__Data shown__.
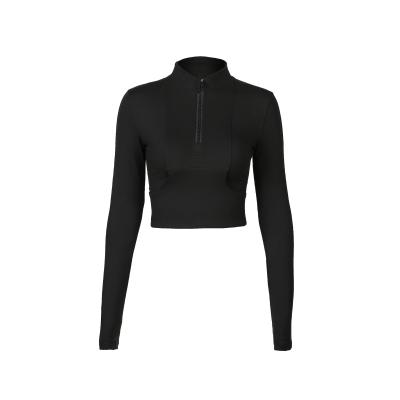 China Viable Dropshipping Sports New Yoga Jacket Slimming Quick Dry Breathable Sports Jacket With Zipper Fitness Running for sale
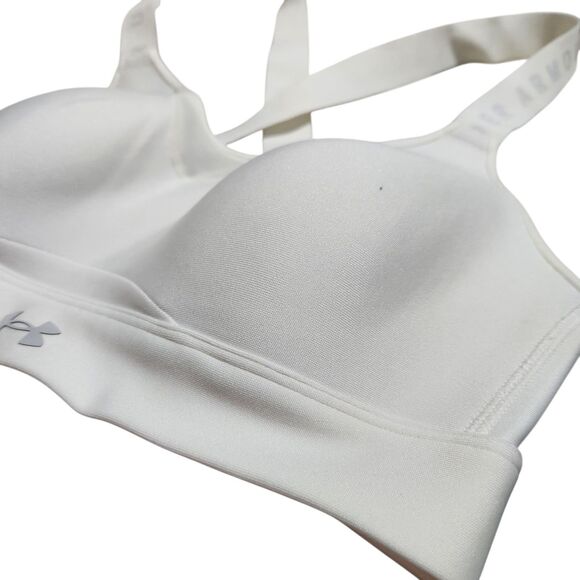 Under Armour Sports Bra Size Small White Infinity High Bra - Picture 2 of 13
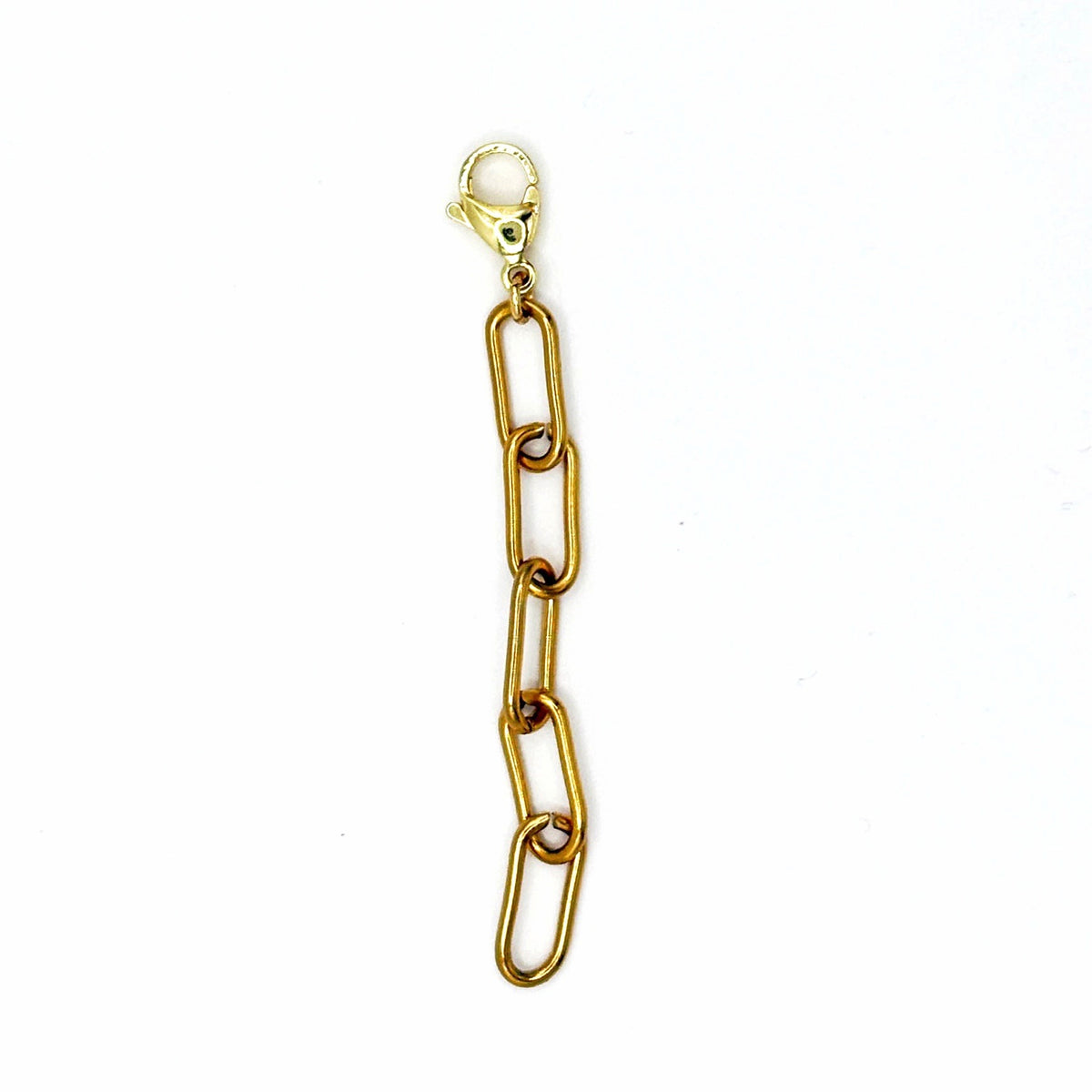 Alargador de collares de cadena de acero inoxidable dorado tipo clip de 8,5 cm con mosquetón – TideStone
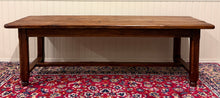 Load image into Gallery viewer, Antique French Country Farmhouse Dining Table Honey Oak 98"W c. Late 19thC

__Aim of the exercise__. None of the pictures belong in the copy; transcribe the rest of the data exactly.

__Answer to the exercise__.
 China Viable Dropshipping Sports New Yoga Jacket Slimming Quick Dry Breathable Sports Jacket With Zipper Fitness Running for sale
 Under Armour Sports Bra Size Small White Infinity High Bra - Picture 2 of 13
 Alargador de collares de cadena de acero inoxidable dorado tipo clip de 8,5 cm con mosquetón – TideStone
 Load image into Gallery viewer, Antique French Country Farmhouse Dining Table Honey Oak 98"W c. Late 19thC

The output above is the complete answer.